This is a patch implementing builtins for an atomic exchange with full, acquire, and release memory barrier semantics. It is similar to __sync_lock_test_and_set(), but the target does not have the option of implementing a reduced functionality of only implementing a store of 1. Also, unlike __sync_lock_test_and_set(), we have all three memory barrier variants.

The compiler will fall back to a full barrier if the user requests an acquire/release and it is not available in the target. Also, if no variant is available, we will fall back to a compare and swap loop with a full barrier at the end.

The real reason for this patch is to implement atomic stores in the C++ runtime library, which can currently incorrectly move prior stores past an atomic store, thus invalidating the happens-before promise for the sequentially consistent model. I am attaching the corresponding patch to libstdc++ to show how I intend to use the builtin.

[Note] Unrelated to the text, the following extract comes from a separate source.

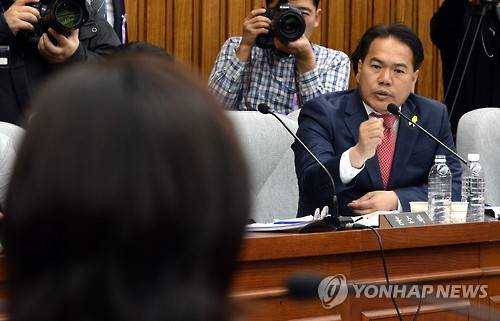 이용주 "블랙리스트 있는 것 맞습니까?"      (서울=연합뉴스) 배재만 기자 = 국민의당 이용주 의원이 9일 오후 국회에서 열린 박근혜 정부의 최순실 등 민간인에 의한 국정농단 의혹사건 진상규명을 위한 국정조사 7차 청문회에서 조윤선 문화체육관광부 장관을 상대로 "블랙리스트 있는 것 맞습니까?'란 질문을 계속하고 있다. 결국 조 장관은 "예술인들 지원을 배제하는 그런 명단은 있었던 것으로 판단이 되고 있습니다."라고 답했다.  scoop@yna.co.kr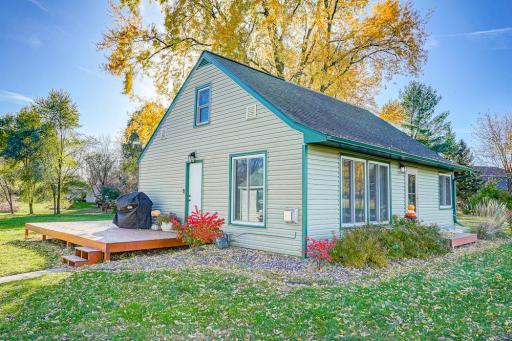 7949 Stillwater Boulevard N, Oakdale, MN 55128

This is not an official submission for the C++ library bits, as I have not yet fully tested the library. I will do so separately.

In a followup patch I will be implementing acq/rel/full variants for all the __sync_* builtins which we can use for the atomic loads and for some of the OpenMP atomics Jakub has been working on.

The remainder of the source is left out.